Sometimes, it is better to prioritize maintainer convenience.

In particular, if:

  • the image changes a lot,

  • the image has very few users (e.g. only 1, the maintainer!),

  • the image is built and run on the same machine,

  • the image is built and run on machines with a very fast link ...

In these cases, just keep things simple!

(Next slide: a Dockerfile that can be used to preview a Jekyll / github pages site.)

FROM debian:sid

RUN apt-get update -q
RUN apt-get install -yq build-essential make
RUN apt-get install -yq zlib1g-dev
RUN apt-get install -yq ruby ruby-dev
RUN apt-get install -yq python-pygments
RUN apt-get install -yq nodejs
RUN apt-get install -yq cmake
RUN gem install --no-rdoc --no-ri github-pages

COPY . /blog
WORKDIR /blog

VOLUME /blog/_site

EXPOSE 4000
CMD ["jekyll", "serve", "--host", "0.0.0.0", "--incremental"]

Multi-dimensional versioning systems

Images can have a tag, indicating the version of the image.

But sometimes, there are multiple important components, and we need to indicate the versions for all of them.

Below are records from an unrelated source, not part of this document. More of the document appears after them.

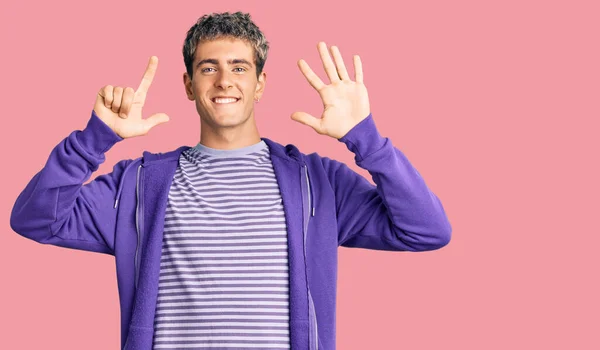 年轻英俊的男子穿着休闲的紫色运动衫 露出七号手指 面带微笑 自信而快乐 — 图库照片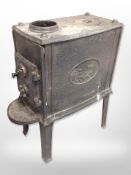 A Continental cast iron wood burning stove,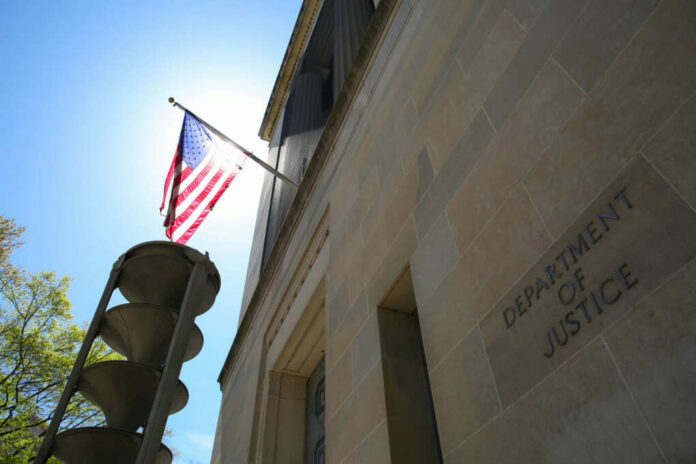 The Department of Justice building with an American flag and sunlight in the background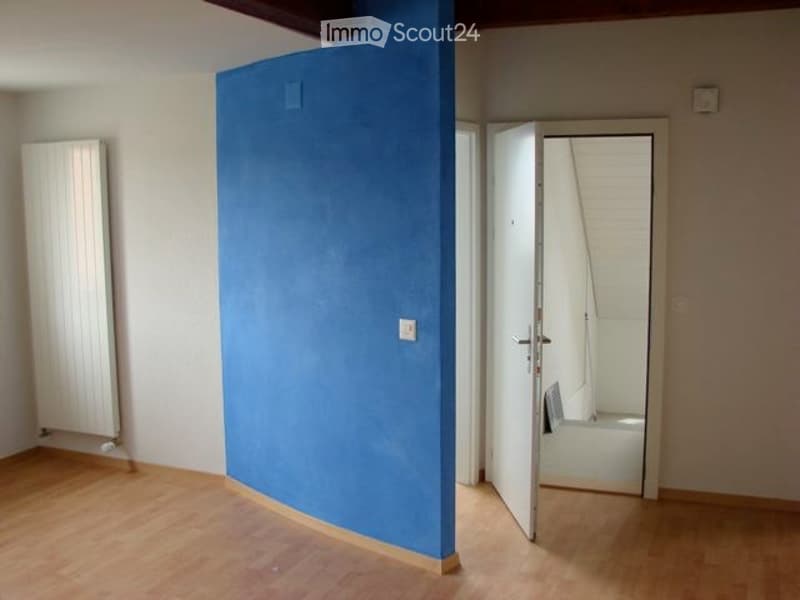 Empty room with wooden flooring, white walls, a blue partition, and an open doorway leading to a small bathroom.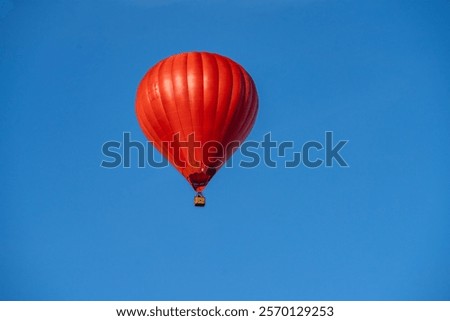 Flying red hot air balloon in the blue sky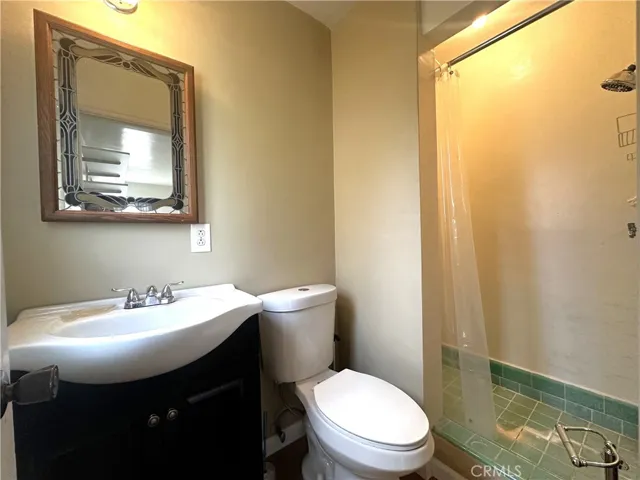 Unpermitted one bath attached to the garage.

This can be done with environment variables:

ENV PIP=9.0.3 \
    ZC_BUILDOUT=2.11.2 \
    SETUPTOOLS=38.7.0 \
    PLONE_MAJOR=5.1 \
    PLONE_VERSION=5.1.0 \
    PLONE_MD5=76dc6cfc1c749d763c32fff3a9870d8d

(Source: Plone official image)

Entrypoints and wrappers

It is very common to define a custom entrypoint.

That entrypoint will generally be a script, performing any combination of:

  • pre-flights checks (if a required dependency is not available, display a nice error message early instead of an obscure one in a deep log file),

  • generation or validation of configuration files,

  • dropping privileges (with e.g. su or gosu, sometimes combined with chown),

  • and more.

A typical entrypoint script

 #!/bin/sh
 set -e

 # first arg is '-f' or '--some-option'
 # or first arg is 'something.conf'
 if [ "${1#-}" != "$1" ] || [ "${1%.conf}" != "$1" ]; then
     set -- redis-server "$@"
 fi

 # allow the container to be started with '--user'
 if [ "$1" = 'redis-server' -a "$(id -u)" = '0' ]; then
     chown -R redis .
     exec su-exec redis "$0" "$@"
 fi

 exec "$@"

(Source: Redis official image)

Factoring information

To facilitate maintenance (and avoid human errors), avoid to repeat information like:

  • version numbers,

  • remote asset URLs (e.g. source tarballs) ...

Instead, use environment variables.

ENV NODE_VERSION 10.2.1
...
RUN ...
    && curl -fsSLO --compressed "https://nodejs.org/dist/v$NODE_VERSION/node-v$NODE_VERSION.tar.xz" \
    && curl -fsSLO --compressed "https://nodejs.org/dist/v$NODE_VERSION/SHASUMS256.txt.asc" \
    && gpg --batch --decrypt --output SHASUMS256.txt SHASUMS256.txt.asc \
    && grep " node-v$NODE_VERSION.tar.xz\$" SHASUMS256.txt | sha256sum -c - \
    && tar -xf "node-v$NODE_VERSION.tar.xz" \
    && cd "node-v$NODE_VERSION" \
...

(Source: Nodejs official image)

Overrides

In theory, development and production images should be the same.

In practice, we often need to enable specific behaviors in development (e.g. debug statements).

One way to reconcile both needs is to use Compose to enable these behaviors.

Let's look at the trainingwheels demo app for an example.

Production image

This Dockerfile builds an image leveraging gunicorn:

FROM python
RUN pip install flask
RUN pip install gunicorn
RUN pip install redis
COPY . /src
WORKDIR /src
CMD gunicorn --bind 0.0.0.0:5000 --workers 10 counter:app
EXPOSE 5000

(Source: trainingwheels Dockerfile)

Development Compose file

This Compose file uses the same image, but with a few overrides for development:

  • the Flask development server is used (overriding CMD),

  • the DEBUG environment variable is set,

  • a volume is used to provide a faster local development workflow.

services:
  www:
    build: www
    ports:
      - 8000:5000
    user: nobody
    environment:
      DEBUG: 1
    command: python counter.py
    volumes:
      - ./www:/src

(Source: trainingwheels Compose file)

How to know which best practices are better?

  • The main goal of containers is to make our lives easier.

  • In this chapter, we showed many ways to write Dockerfiles.

  • These Dockerfiles use sometimes diametrally opposed techniques.

  • Yet, they were the "right" ones for a specific situation.

  • It's OK (and even encouraged) to start simple and evolve as needed.

  • Feel free to review this chapter later (after writing a few Dockerfiles) for inspiration!